| I recently had a pie-in-the-sky business idea and I would love for someone who knows more about the industry why it will definitely fail. I assume it's unworkable for a lot of reasons, but it is just plausible enough to be a fun idea for a sci-fi novel. Get a fleet of 2-4 seater unpowered glider planes [1] Get a bunch of rural properties spaced ~100km apart. Put little glider landing and launch strips on each property. Use a powerful electric winch to launch the gliders. Develop software that can fly the planes autonomously from strip to strip (I assume this is the really hard part, but I am under the impression that autonomous flying is a much easier problem than autonomous driving?). You now have the ability to shuttle passengers around your network of airstrips at ~200kph for the cost of electricity used by your winches and maintenance of the glider fleet.

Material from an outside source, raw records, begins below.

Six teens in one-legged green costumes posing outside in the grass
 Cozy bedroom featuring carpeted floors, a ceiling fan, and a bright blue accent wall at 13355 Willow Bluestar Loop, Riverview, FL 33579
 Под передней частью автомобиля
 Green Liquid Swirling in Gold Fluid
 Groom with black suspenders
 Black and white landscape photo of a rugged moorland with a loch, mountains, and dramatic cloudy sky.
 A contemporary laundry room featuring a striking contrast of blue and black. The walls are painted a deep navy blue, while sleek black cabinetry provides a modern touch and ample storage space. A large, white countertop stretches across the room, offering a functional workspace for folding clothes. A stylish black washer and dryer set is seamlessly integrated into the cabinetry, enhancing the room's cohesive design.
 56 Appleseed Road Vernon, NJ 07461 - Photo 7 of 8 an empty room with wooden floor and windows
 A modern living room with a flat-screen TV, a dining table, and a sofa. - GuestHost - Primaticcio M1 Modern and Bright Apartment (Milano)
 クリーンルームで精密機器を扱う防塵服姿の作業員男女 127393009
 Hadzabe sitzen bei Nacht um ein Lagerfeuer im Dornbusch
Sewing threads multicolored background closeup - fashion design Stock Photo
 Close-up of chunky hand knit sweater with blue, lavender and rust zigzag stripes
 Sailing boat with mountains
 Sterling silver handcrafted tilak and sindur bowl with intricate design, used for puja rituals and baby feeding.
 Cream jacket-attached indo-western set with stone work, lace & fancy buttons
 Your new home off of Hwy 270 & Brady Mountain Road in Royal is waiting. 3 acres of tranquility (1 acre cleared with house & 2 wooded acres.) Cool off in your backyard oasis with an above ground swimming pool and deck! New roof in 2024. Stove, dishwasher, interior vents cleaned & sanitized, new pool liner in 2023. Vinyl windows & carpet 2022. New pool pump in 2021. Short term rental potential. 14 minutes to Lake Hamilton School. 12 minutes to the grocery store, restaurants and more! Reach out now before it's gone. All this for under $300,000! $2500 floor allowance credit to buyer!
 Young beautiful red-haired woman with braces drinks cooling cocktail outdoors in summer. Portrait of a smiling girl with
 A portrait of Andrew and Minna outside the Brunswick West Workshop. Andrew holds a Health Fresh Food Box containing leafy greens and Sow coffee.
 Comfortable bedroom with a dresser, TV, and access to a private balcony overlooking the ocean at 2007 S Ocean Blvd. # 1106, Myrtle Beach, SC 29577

My thought is that the electricity of the winches is pretty minimal and could be served with some locally installed solar panels and batteries, and the maintenance is super low since the gliders don't have many moving parts onboard. The main use-case would be city-to-city short hops that are currently poorly served by rail. It's far easier to build a string of small airstrips than a whole rail corridor. This idea came to me when thinking about SpaceX's recent plans to catch their Starship boosters out of the air instead of having landing gear on them. The reasoning is that you can have essentially unlimited mass for ground support equipment, but mass on the booster is precious. So you offload the landing gear from the booster to the ground support equipment, even if it's big and complicated. This idea is like electric aircraft, but you've offloaded the propulsion and batteries to the ground support equipment. [1] https://en.wikipedia.org/wiki/Glider_(sailplane) |
Let's suppose for a moment that air travel today worked the way you described it, with gliders, 60 mile range, electric winches etc.).
Then someone comes along and invents the motorized plane and now all of a sudden you can start and land a plane pretty much anywhere you want, you're no longer dependent on weather and, in addition, you multiply your range by a factor of 5x to 10x.
To me that sounds more disruptive than the other way around, so your idea would unfortunately fail the reversion test.